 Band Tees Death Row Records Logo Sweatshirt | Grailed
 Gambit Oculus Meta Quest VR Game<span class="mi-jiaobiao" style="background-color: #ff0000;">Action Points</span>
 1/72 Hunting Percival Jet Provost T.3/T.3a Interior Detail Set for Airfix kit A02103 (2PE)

---

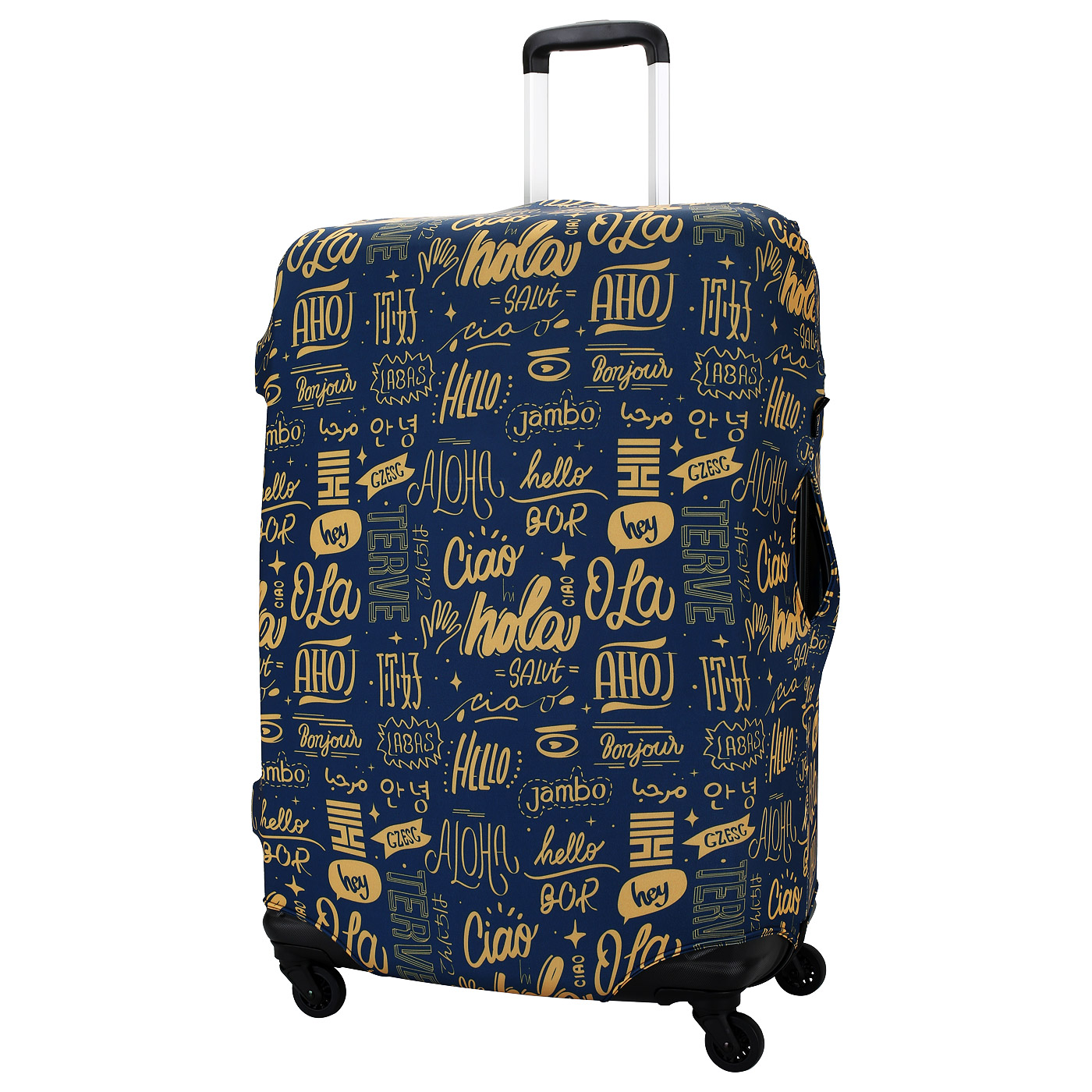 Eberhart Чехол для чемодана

==

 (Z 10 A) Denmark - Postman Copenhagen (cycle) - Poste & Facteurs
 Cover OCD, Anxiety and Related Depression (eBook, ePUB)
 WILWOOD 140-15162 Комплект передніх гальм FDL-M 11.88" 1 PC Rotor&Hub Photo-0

▶ What the exercise asks: Of the lines above, extract only those from the line with "Band Tees Death" to the line with "1/72 Hunting Percival", both included, exactly as written.

▶ Solution below:
 Band Tees Death Row Records Logo Sweatshirt | Grailed
 Gambit Oculus Meta Quest VR Game<span class="mi-jiaobiao" style="background-color: #ff0000;">Action Points</span>
 1/72 Hunting Percival Jet Provost T.3/T.3a Interior Detail Set for Airfix kit A02103 (2PE)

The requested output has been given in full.